A lot of fans thought Psikyo had lost their minds when Gunbarich was released on an unsuspecting world back in 2001. Being a combination of breakout, pinball, and a traditional shmup, Gunbarich is certainly unique. You starting off by picking your character, either female witch Marion (of Gunbird fame) or Male sky pirate Grutan.

Each level starts off with you at the bottom of the screen, flippers at the ready. You can only move back and forth at the bottom and cannot advance any higher. The ball drops and your off! You can either just bounce the ball off your flippers or flip them and put some oomph behind the ball. You will need to do both sometimes and learn when to utilize the flippers properly.

The levels also introduce attackers along with the bricks to be destroyed. Their attacks can paralyze you and make you miss the ball, losing a life. You can deflect their attacks toward the bricks using the flippers.
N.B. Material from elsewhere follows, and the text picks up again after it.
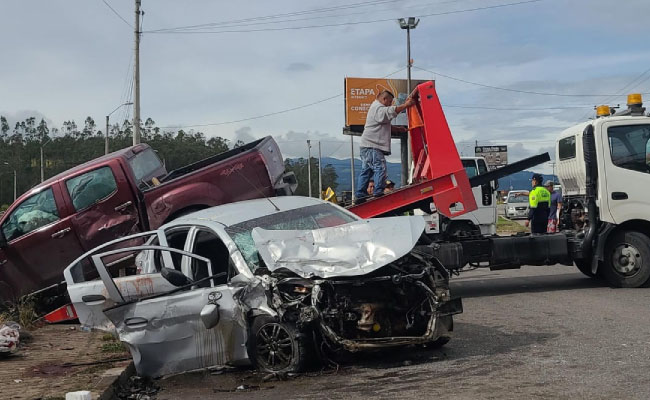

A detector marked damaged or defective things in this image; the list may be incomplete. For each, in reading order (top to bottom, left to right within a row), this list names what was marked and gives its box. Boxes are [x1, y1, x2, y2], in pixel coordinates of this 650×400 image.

car windshield shattered [223, 203, 354, 272]
car hood crumpled [249, 216, 426, 278]
car wheel rim exposed [612, 242, 640, 276]
car wheel rim exposed [254, 324, 292, 370]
The game is divided into worlds, each consisting of several levels and ending with a boss encounter. The bosses can move around and use various attacks so you will have to be on your toes in order to conquer them.
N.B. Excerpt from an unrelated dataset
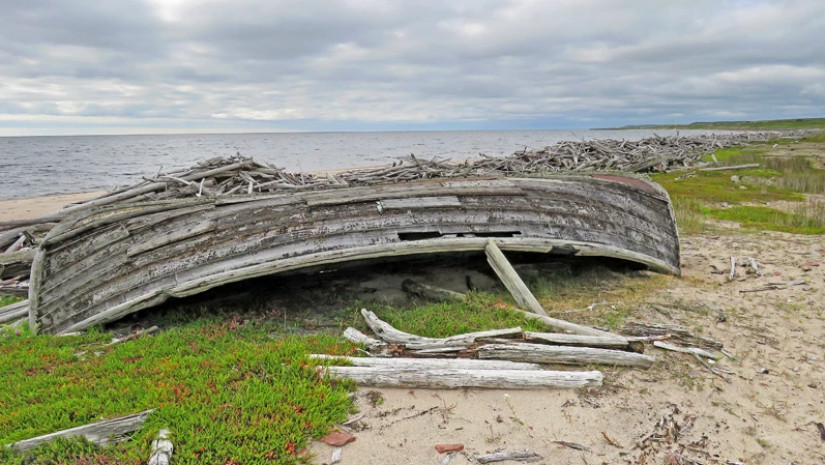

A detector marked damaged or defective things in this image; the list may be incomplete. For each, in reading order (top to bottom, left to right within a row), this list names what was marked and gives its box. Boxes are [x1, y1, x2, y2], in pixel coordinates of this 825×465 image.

The graphics are in a very cutesy cartoon-like style to accentuate the wacky style of the gameplay. It fits the themes of the game well. The music is also suitably crazed with almost circus-like much like the game itself.

The game is great fun and despite its age it really keeps its uniqueness and it truly feels experimental yet familiar which even today is rare indeed.

Rating: A


  • Publisher: ZeroDiv
  • Developer: Psikyo
  • Players: 1-2

Gunbird has certainly had its ups and downs since its release in 1994. A long time favorite in arcades, many fans were outraged when the game was localized as Mobile Light Force for PS1. This version stripped away most of the story and all of the charm of the original. But now Gunbird is finally here in all of its uncut and quirky glory!
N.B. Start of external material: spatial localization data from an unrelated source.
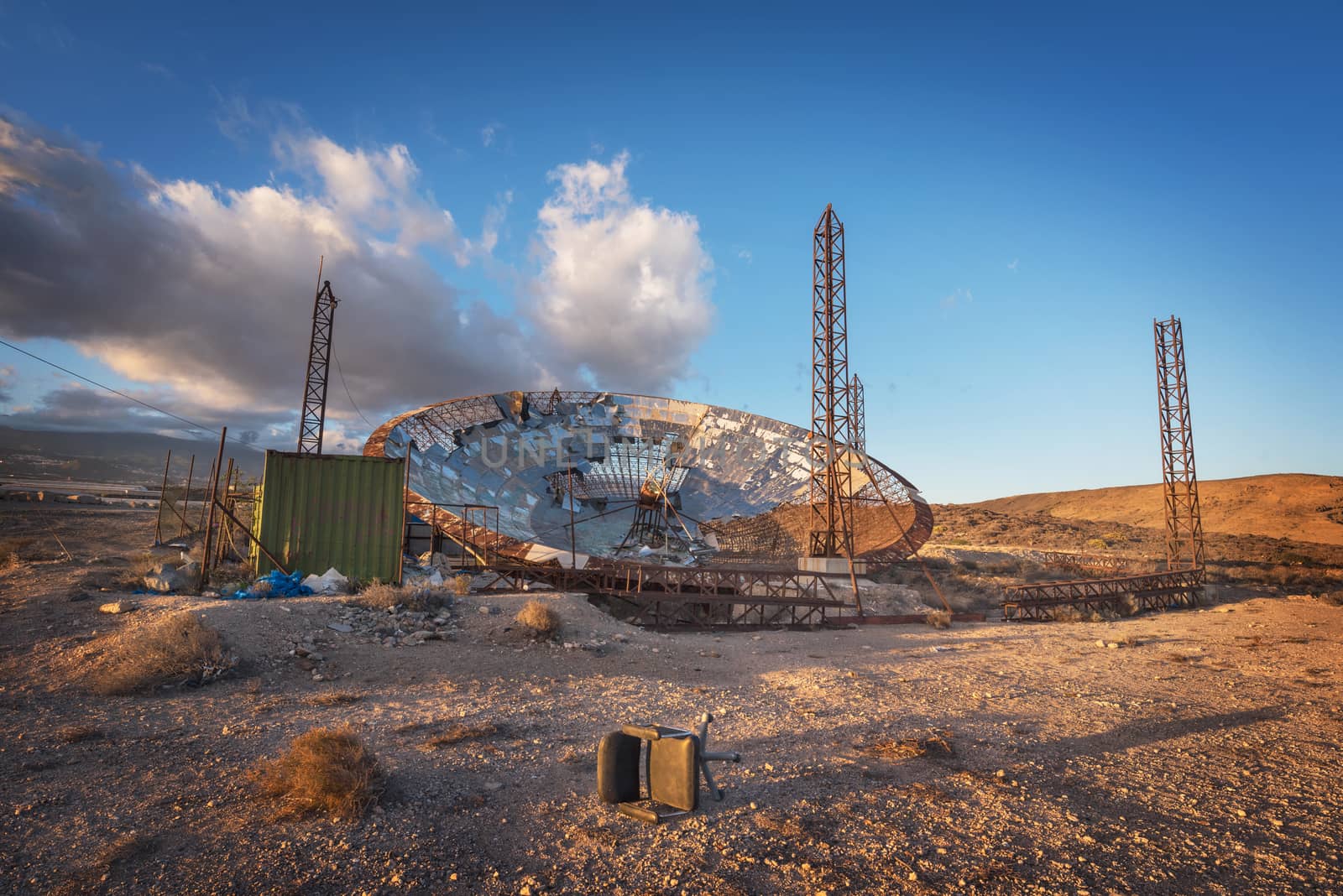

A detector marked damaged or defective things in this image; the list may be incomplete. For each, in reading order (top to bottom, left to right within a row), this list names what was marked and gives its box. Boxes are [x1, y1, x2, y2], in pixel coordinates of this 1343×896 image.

rusty metal pole [154, 451, 171, 541]
rusty metal pole [177, 456, 196, 539]
rusty metal pole [197, 429, 227, 595]
rusty steel lattice tower [296, 280, 338, 456]
rusty steel lattice tower [811, 205, 854, 555]
rusty steel lattice tower [1155, 315, 1209, 565]
rusty steel beam [1155, 315, 1209, 565]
The game starts you off with your choice of five characters: You have Ash, Marion (who also starred in Gunbarich. See above!), Tetsu, Valnus, and Yuan Nang. All characters have their visual differences but basically all play the same. Each character is plowing through the games seven levels in order to assemble a magic mirror that will give your character one wish. The mirror is basically a McGuffin as the story seemingly has zero bearing on the proceedings, but most shmups don’t even bother so it was a nice change. Cute cutscenes keep the action moving and each character has its own unique ending. Also, if you play co-op you will get additional endings based on which pair you use to add a nice bit of replay value.

Another thing to note is that Gunbird is kind of hard. Depending on which difficulty you choose (there are seven) Gunbird can bury you in bullets pretty quick. The game boasts almost perfect precision in control and you will need it in order to swim through all the attacks coming your way.

Gunbird has a pretty tight control scheme that is mostly similar to other games in the shmup genre. A is your rapid fire normal shooting mode, B or X is your screen clearing bomb, Y is your special attack that is triggered by holding down the button until it charges.

The game is pretty standard for its genre and it is definitely the characters and their interactions that will keep your interest in seeing things through to the end. It plays great and looks pretty good as well considering it released in 1994. The sound effects consist of mostly satisfying explosions and gunfire but the Japanese cast puts plenty of emotion into their performances and the enthusiasm is very contagious.

Rating: B

Also of note is that all three games feature the ability to play in “Tate Mode”, which is the Japanese word for vertical. Using this mode you can sit the undocked switch on its side and play the games in their original vertical dimensions thus using the entire screen. Depending on how you have your TV mounted this is available docked as well but most will not be able to do this. This is a very nice feature and helps replicate the arcade experience.


Disclaimer: Digital copies of the three games were provided by ZeroDiv for review purposes.